I guess you should feel good because I really wanted something more but I came away very dissatisfied. I’ll be more careful with my ebook money in the future. All right, enough haranguing you for the length/price of your books.
Playing the Game, Opening the Door, and White Wedding all feature the couple Josie and Jack. Only Playing the Game was a story. The remaining two books are a number of sex scenes strung together by about 4 or 5 pages of dialogue and internal monologues. Further, these stories are told in the limited third person for no apparent reason. Does Jack have no thoughts worthwhile? Because other than the faux conflict that appeared for all of two pages in White Wedding (which I guess is alot when your book is only about 30 pages long), there is simply no need for Jack’s POV to not be seen.
Playing the Game features Jack and Josie, two childhood friends, who engage in a contest to see who can score the most with the opposite sex.
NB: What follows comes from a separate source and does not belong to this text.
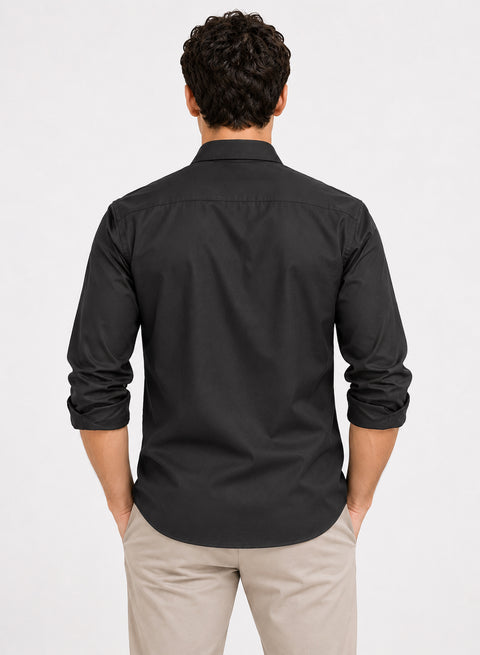 ADRO Men's Premium Cotton Satin Shirt | Solid Full Sleeve Casual Shirt | Regular Fit | Dark Grey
This story was the shortest of the three but it actually contained real conflict and resolution followed by appropriate denouement. Josie is tired of playing games with Jack. She wants Jack herself but believes he thinks its only a game. Of course, he proves her wrong. It is a short story which features two very hot sex scenes but has a very believable romantic tale. By itself, maybe it was worth the $3.40 but the following two books were not.
Opening the Door served to be nothing more than a placeholder for Josie and Jack to copulate. I was thinking when I started the book about what conflict you would insert to make an already established couple in jeopardy. I kept turning the pages thinking that you would surely insert some conflict? But alas, there was none. There was simply sex. Followed by more sex. Followed by sex. The end.
Okay, onto White Wedding. Again, I hoped for some conflict. Maybe one of them would have cold feet. Reasonable. Would set the stage for great makeup sex. Instead I find some ridiculous setup that is resolved in three sentences, in between several sex scenes. The sad part was that the sex was uninspired that I ended up reading White Wedding in about 10 minutes because I skipped most of the sex scenes.
In all, I thought the series was a poorly conceived and poorly executed concept. Playing the Game is deservedly Amber Quill’s #1 bestseller, but trying to capitalize on that success with a conglomeration of sex scenes sold for $6.80 makes me a bit leery of trying anything else by you. B+ for Playing the Game and D for the other two.